Schematic drawing of serial sectioning process.
Schematic illustration showing cross sectional view of top dross. (a) Facet planes of top dross are not perpendicular to the surface. (b) Facet planes of the top dross are perpendicular to the surface.
SEM-EBSD was used for the crystal orientation analysis of the top dross particles. SEM was operated with an accelerating voltage of 25 kV, and the crystal orientation analysis of the top dross particles was performed using the Kikuchi pattern. The software OIM Analysis ver.7 of TSL Solutions was used for the analysis. X-ray profiles of Fe2Al5 have been analyzed based on either the oC16 structure12) or the oC24 structure13) in the past. Recently, the crystal structure analysis of Fe2Al5 has been actively performed, and it has been reported14,15,16) that the partial occupation site of Al atoms along the c-axis is ordered and there exist multiple superlattice structures as a parent structure of the conventional oC24 structure, particularly in the low temperature range of the Al excess or the Fe excess compositions. Therefore, in our previous report,7) the exact lattice constant of the top dross (orthorhombic: a = 7.61 Å b = 6.48 Å c = 4.23 Å) was determined based on both the conventional space group (Cmcm)13) and the peak position obtained from X-ray diffraction using the Pawlley method.17) In this report, the Kikuchi pattern obtained by EBSD was fitted using these newly determined lattice constants.

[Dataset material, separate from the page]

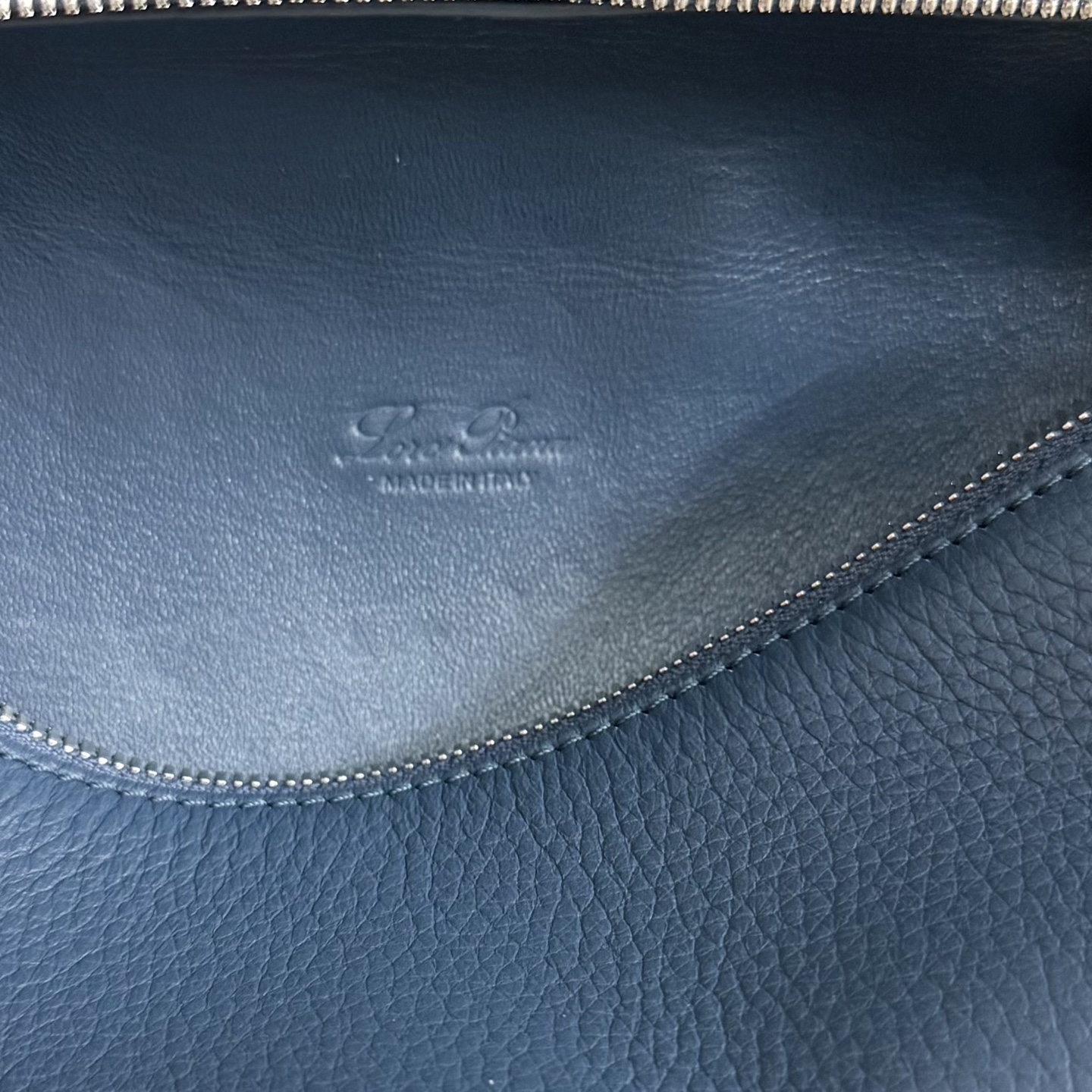 Loro Piana Extra pocket leather crossbody bag Loro Piana Blue in Leather - 43126369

2.4. Method of Introducing a Crack into Top Dross ParticlesThe same method reported by Tsukahara et al.18) was used to introduce cracks into the top dross. That is, the Vickers hardness indent was pushed into the top dross to introduce cracks. When a load was small (for example, 98 mN), cracks did not open. Therefore, as described in our previous paper,7) the Vickers hardness indent was pushed into the top dross with a load of 588 mN, after confirming that stable Palmqvist-type cracks were generated.

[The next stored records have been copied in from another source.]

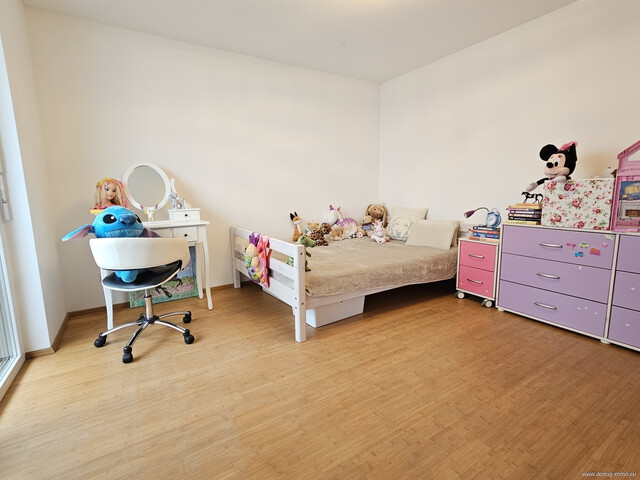 Hochwertiges Einfamilienhaus mit Wellnesskomfort und weitläufigem Grundstück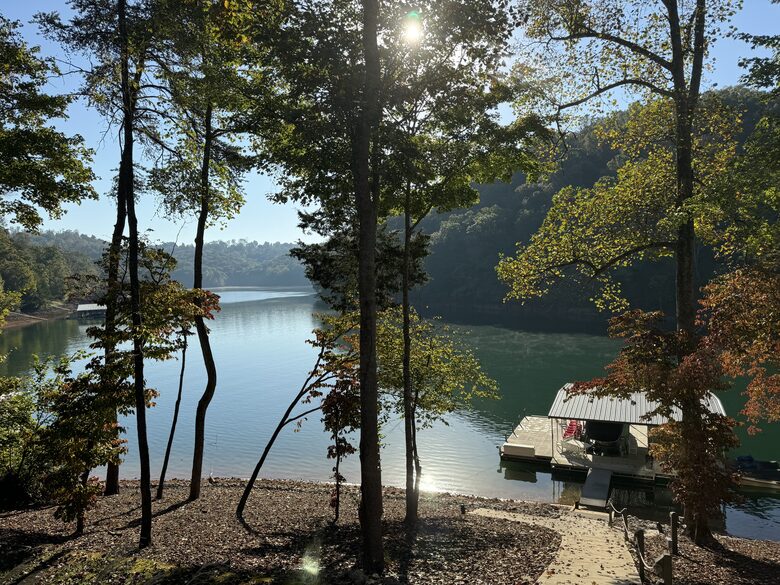Lakefront Family Hideaway - Jacksboro, Tennessee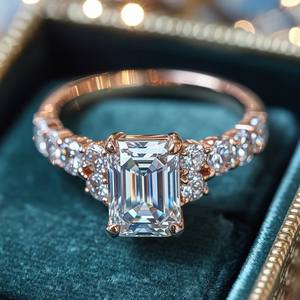 แหวนหมั้นเพชรโมอิสซาไนต์ชุบทองคำ 18K เงินสเตอร์ลิง ดีไซน์หรูหรา ระยิบระยับ สำหรับเธอ - Product Image 2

First, Zn was dissolved preferentially using fuming nitric acid. Immediately thereafter, washing with water and filtration were undertaken to extract only the top dross particles. Figure 4 shows the SEM observation of the extracted top dross particles. When the amount of fuming nitric acid was excessively large relative to the amount of Zn in the sample, the shape of the extracted top dross particle collapsed (Fig. 4(a)). In contrast, when the amount of fuming nitric acid was too small relative to the amount of Zn in the sample, Zn remained undissolved and the top dross could not be separately extracted. Therefore, the optimal amount of fuming nitric acid was investigated, and found to be about 15 mL of fuming nitric acid for 3 g of sample. As a result, several top dross particles with clear facet planes (Fig. 4(b)) were extracted. However, the shape of many top dross particles collapsed, even under the optimized condition, (Fig. 4(a)). This suggests that it is not easy to extract only top dross particles using fuming nitric acid and top dross particles themselves may be dissolved, together with Zn.
SEM images of extracted top dross particle. (a) Partly dissolved shape and (b) normal shape.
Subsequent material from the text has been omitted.